8. Register Index Encoding ⚠️ IMPORTANT
Documentation states: System registers like MAR, MDR, STS, CIR, PCX are "internal" and not accessible
Implementation shows (instructions.rs:148-153):
0x18 => Self::Mar,
0x19 => Self::Mdr,
0x1A => Self::Sts,
0x1B => Self::Cir,
0x1C => Self::Pcx,
Reality: These registers ARE encoded in the instruction format at indices 0x18-0x1C!

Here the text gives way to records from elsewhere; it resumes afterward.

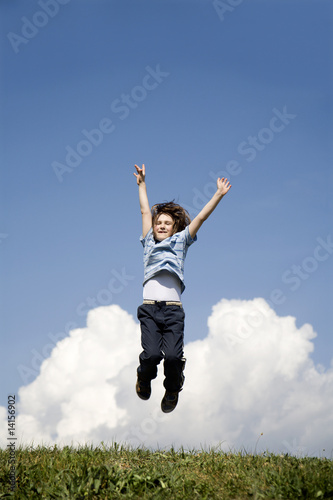 jump of child on the sky background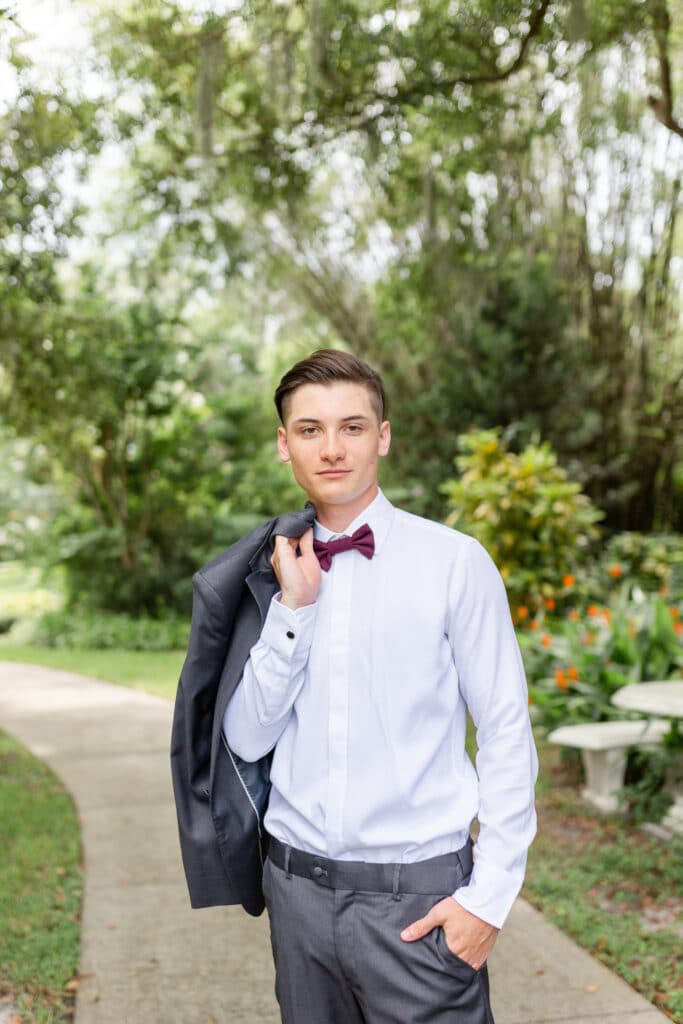 Sneak Peak 12 - Christmas Themed Wedding Inspiration - Inspiration Shoot groom holding his jacket behind his shoulder and posing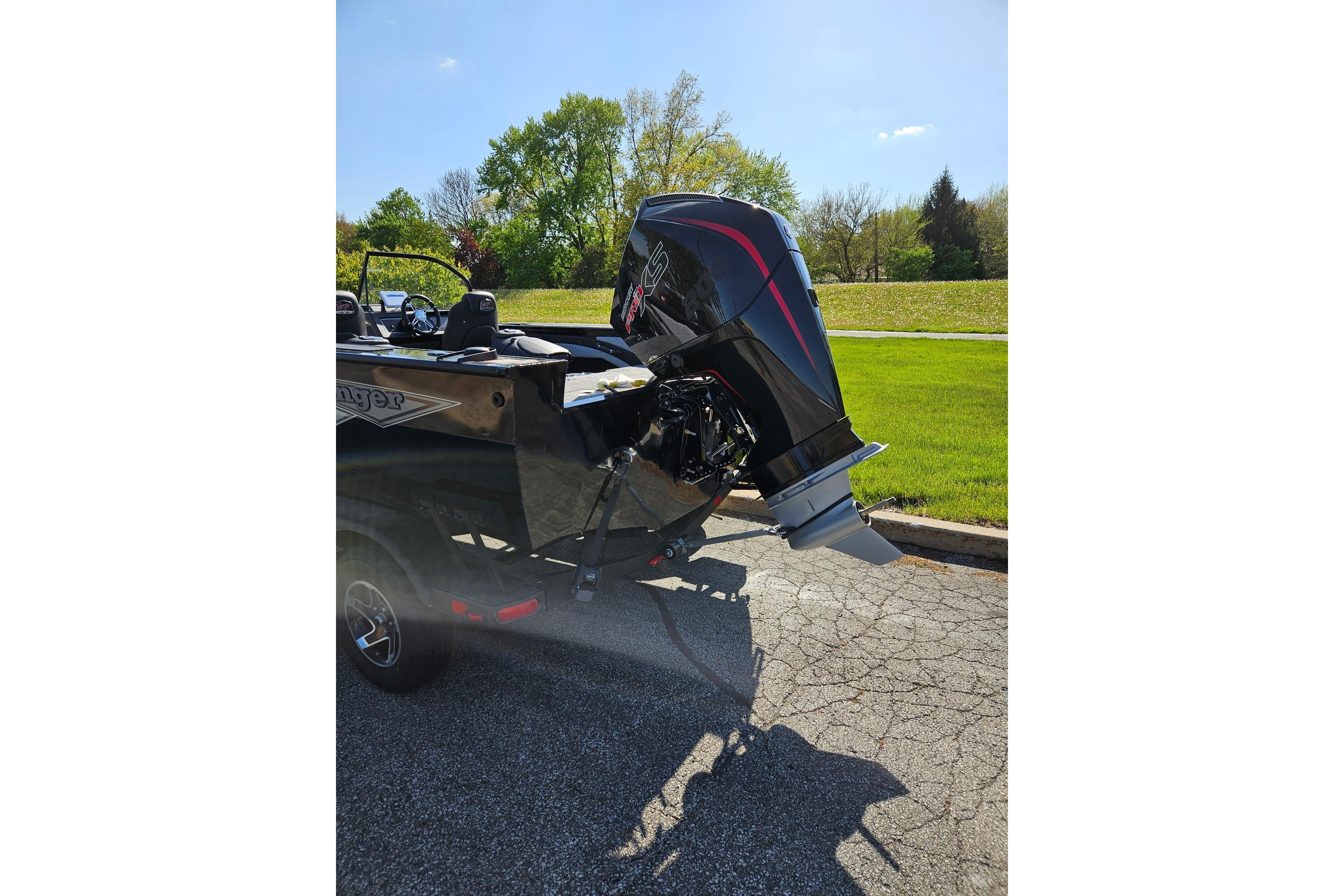 2026 Ranger VX1888 WT boat with powerful outboard motor on a sunny day.
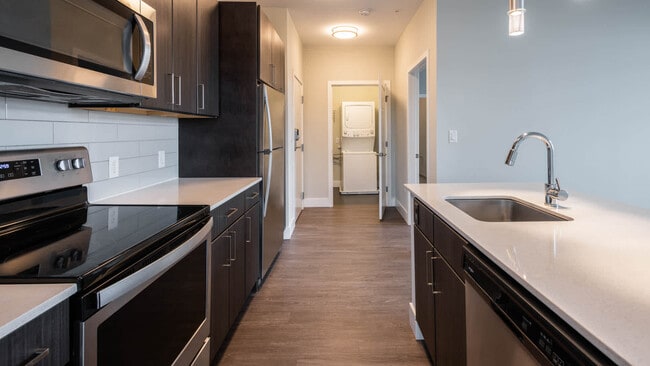 Kitchen with Stainless Steel Appliances and In-home Washer and Dryer - The Reserve at Burlington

However, instructions.rs:186 shows:
"null" => Ok(Self::NoReg), // Can parse "null" as NoReg
Documentation never mentions "null" as an alternative name for noreg!

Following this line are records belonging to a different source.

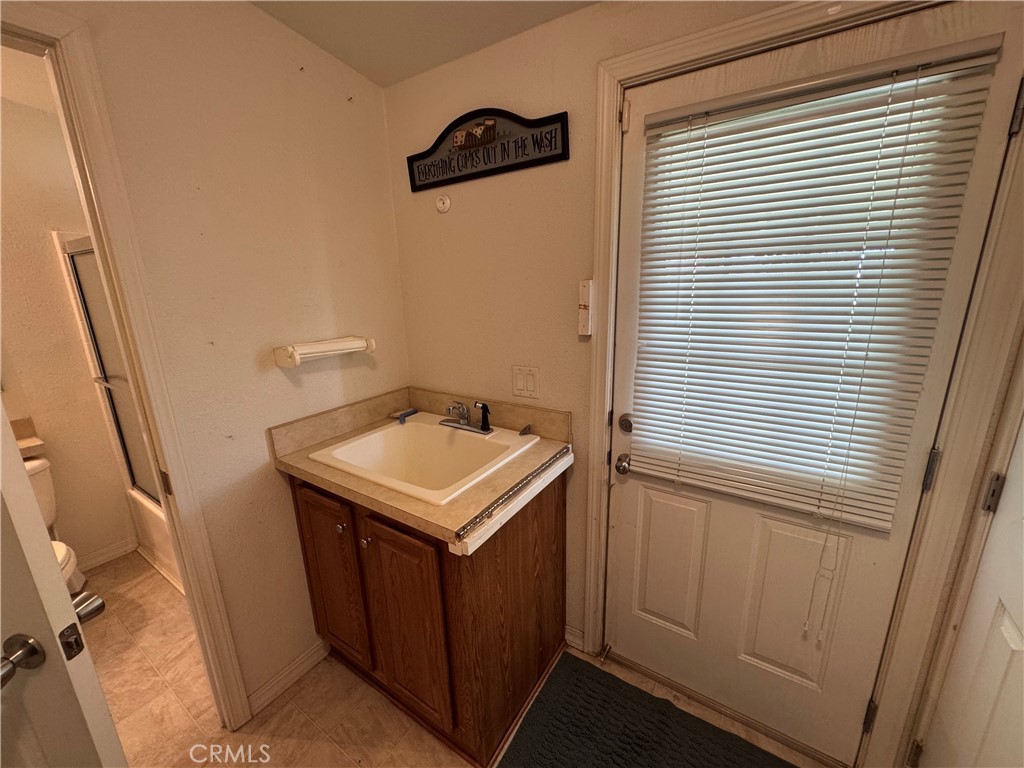 26362 Community Boulevard Barstow, CA 92311 - Photo 18 of 34 laundry room with and exit door and a door to the hall way bath
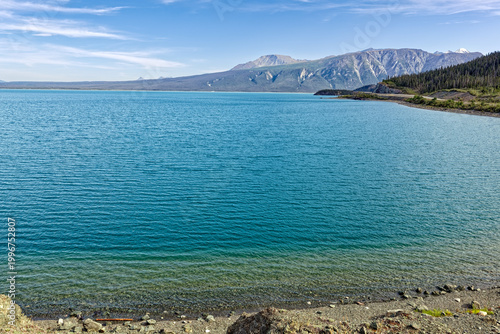Water laps the shore of Lake Kluane near Destruction Bay in the Yukon Territory, Canada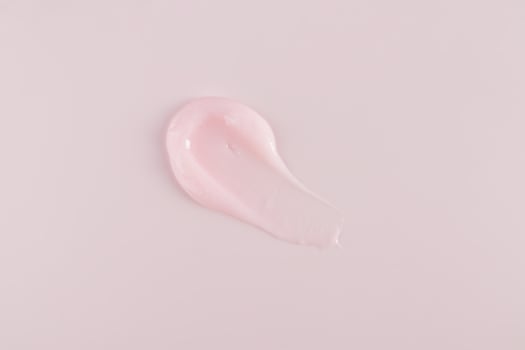 A beautiful sample of a cosmetic texture stroke of lip balm or lip skin care mask. Delicate pink texture. top view. A copy space. pink background photo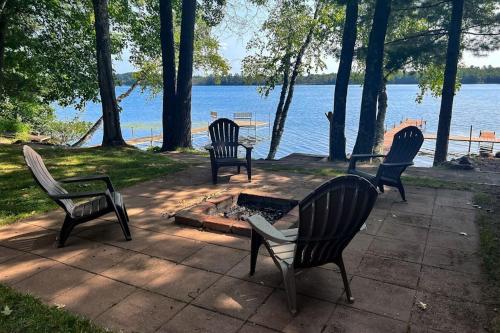 four chairs sitting around a fire pit by the water at Pair-a-Docks Landing in Minocqua
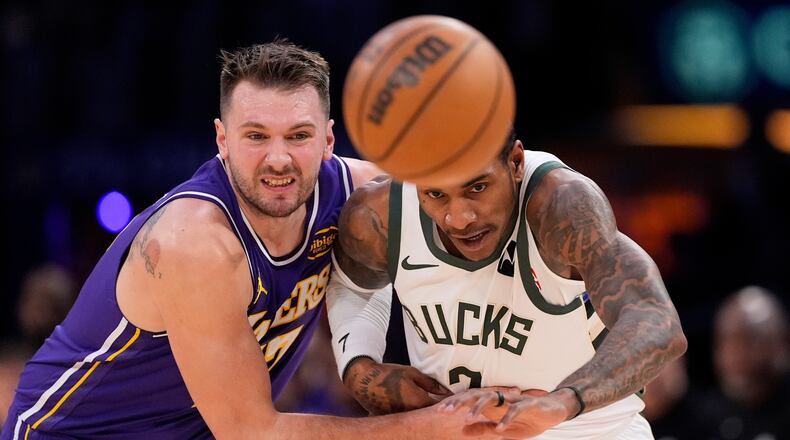 Los Angeles Lakers guard Luka Doncic, left, and Milwaukee Bucks guard Kevin Porter Jr. go after a loose ball during the first half of an NBA basketball game Friday, Jan. 9, 2026, in Los Angeles. (AP Photo/Mark J. Terrill)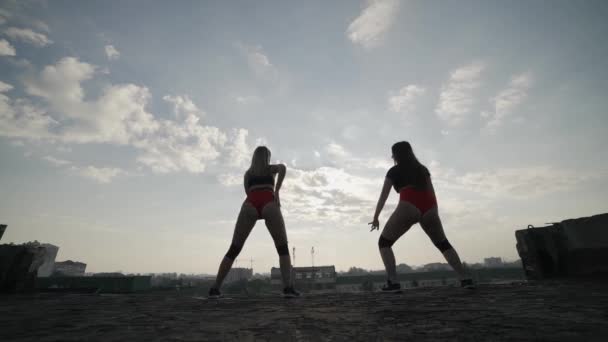 Две девушки танцуют тверк на крыше заброшенного здания. Девушки в красных шортах и клетчатых колготках. — стоковое видео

9. LUI Immediate Value Handling ⚠️ IMPORTANT
Documentation states:
lui immediate, dest_reg ; Load immediate into upper 16 bits
Implementation shows (codegen.rs:248-254):
fn build_load_immediate_instruction(...) -> Result<Instruction, AssembleError> {
// ...
match opcode {
Opcode::Lli => {
let instruction_args = args!(I, immediate: value as u16, r1: dest);
Ok(Instruction::LoadLowerImmediate(instruction_args))
}
Opcode::Lui => {
let upper_value = value >> 16; // Shifts right by 16!
let instruction_args = args!(I, immediate: upper_value as u16, r1: dest);
Ok(Instruction::LoadUpperImmediate(instruction_args))
}
Reality: When assembling lui immediate, reg, the assembler:
- Takes the immediate value
- Shifts it RIGHT by 16 bits
- Stores the result in the instruction
This means:
lli 0x1234, rg0 ; Stores 0x1234 in lower 16 bits
lui 0xABCD0000, rg0 ; Right-shifts to 0xABCD, stores in upper 16 bits
Or more likely, the assembler expects:
lli 0x1234, rg0 ; Stores 0x1234 in lower 16 bits
lui 0xABCD, rg0 ; Stores 0xABCD in upper 16 bits (no shift needed)
Documentation needs clarification on what immediate value format LUI expects!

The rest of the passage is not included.